#### Material for the task:
====
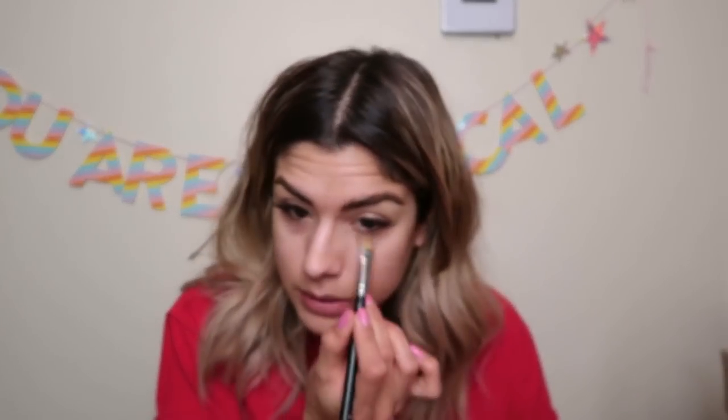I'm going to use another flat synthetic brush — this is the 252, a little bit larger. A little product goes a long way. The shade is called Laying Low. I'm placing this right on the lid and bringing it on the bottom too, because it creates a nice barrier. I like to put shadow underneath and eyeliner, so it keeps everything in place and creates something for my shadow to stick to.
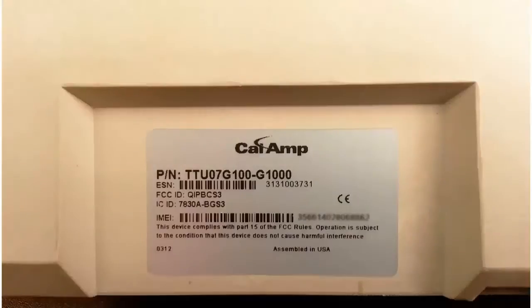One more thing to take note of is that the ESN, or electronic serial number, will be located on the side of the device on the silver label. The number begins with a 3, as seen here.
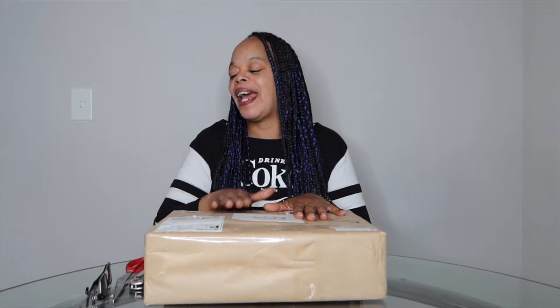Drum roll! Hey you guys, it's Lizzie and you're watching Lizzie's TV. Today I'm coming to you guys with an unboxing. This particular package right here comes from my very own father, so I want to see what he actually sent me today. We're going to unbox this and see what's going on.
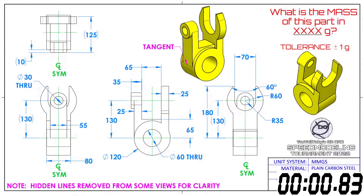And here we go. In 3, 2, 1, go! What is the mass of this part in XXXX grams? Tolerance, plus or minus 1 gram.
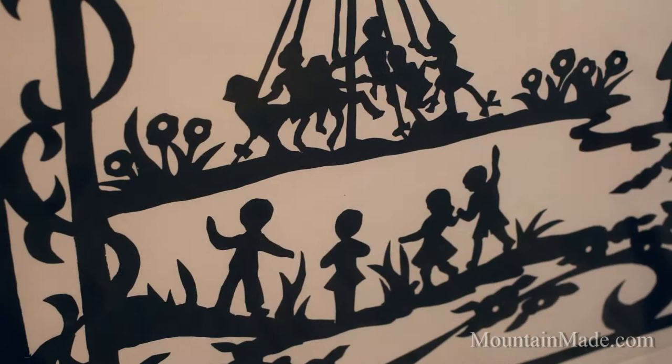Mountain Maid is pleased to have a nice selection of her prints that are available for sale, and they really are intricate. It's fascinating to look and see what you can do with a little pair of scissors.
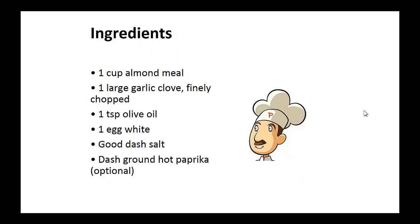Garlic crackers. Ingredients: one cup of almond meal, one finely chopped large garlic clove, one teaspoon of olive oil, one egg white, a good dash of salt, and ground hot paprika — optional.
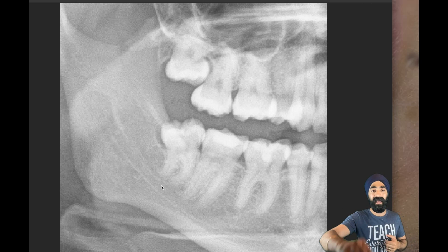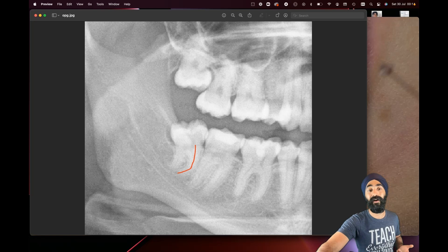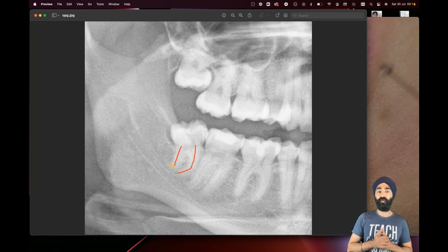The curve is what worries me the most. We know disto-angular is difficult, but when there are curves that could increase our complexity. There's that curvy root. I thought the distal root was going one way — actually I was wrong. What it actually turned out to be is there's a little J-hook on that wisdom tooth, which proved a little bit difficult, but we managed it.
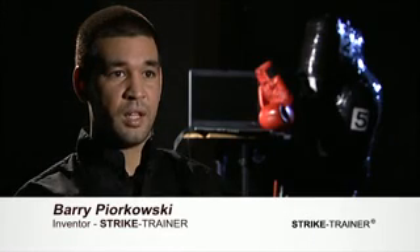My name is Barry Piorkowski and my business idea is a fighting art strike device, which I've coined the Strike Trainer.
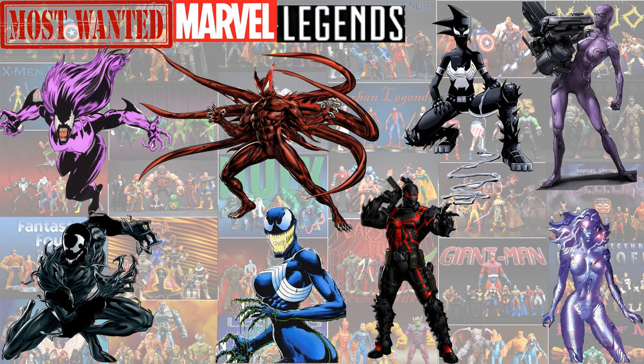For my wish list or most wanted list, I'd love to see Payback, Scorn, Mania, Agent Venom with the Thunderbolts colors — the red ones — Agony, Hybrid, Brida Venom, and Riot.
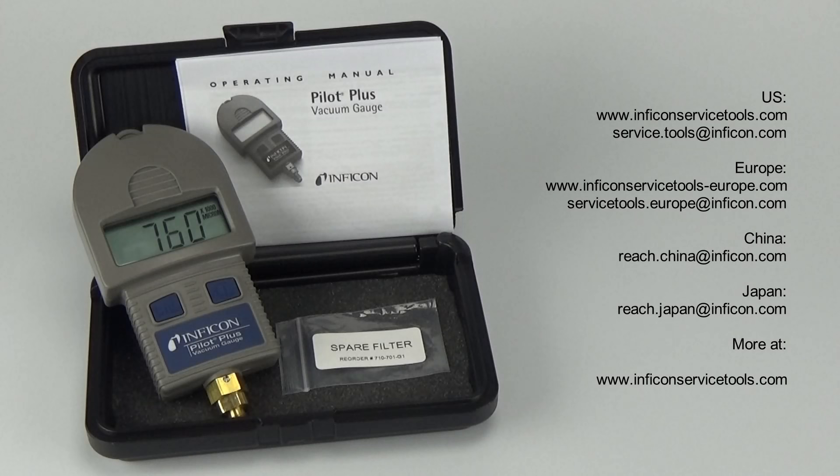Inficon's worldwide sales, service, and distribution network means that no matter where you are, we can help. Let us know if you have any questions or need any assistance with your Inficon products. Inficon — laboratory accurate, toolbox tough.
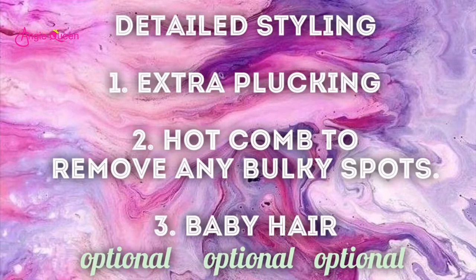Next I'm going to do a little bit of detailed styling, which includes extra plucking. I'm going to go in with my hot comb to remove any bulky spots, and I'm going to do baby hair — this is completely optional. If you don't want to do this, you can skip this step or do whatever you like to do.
====
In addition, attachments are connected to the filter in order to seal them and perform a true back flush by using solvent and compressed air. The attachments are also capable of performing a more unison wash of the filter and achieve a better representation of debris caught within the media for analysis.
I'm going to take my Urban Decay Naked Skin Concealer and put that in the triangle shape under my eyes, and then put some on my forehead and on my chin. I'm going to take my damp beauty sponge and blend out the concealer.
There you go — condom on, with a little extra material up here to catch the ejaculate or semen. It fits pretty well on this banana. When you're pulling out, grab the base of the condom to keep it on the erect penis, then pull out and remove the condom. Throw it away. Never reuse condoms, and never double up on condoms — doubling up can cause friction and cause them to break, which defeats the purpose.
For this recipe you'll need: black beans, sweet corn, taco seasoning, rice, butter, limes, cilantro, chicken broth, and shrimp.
====
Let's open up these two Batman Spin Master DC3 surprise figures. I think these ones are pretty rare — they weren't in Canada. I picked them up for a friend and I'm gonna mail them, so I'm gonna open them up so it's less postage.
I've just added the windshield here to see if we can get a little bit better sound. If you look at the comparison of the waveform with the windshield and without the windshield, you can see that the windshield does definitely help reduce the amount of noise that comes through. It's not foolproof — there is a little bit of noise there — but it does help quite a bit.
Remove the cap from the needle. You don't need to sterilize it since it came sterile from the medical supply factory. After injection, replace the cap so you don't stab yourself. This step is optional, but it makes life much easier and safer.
====
Within the listing above, print exactly the stretch beginning at the line that contains "Drum roll! Hey" and finishing at the line that contains "And here we", ends kept, pictures left out, and nothing more.

#### The answer:
Drum roll! Hey you guys, it's Lizzie and you're watching Lizzie's TV. Today I'm coming to you guys with an unboxing. This particular package right here comes from my very own father, so I want to see what he actually sent me today. We're going to unbox this and see what's going on.
And here we go. In 3, 2, 1, go! What is the mass of this part in XXXX grams? Tolerance, plus or minus 1 gram.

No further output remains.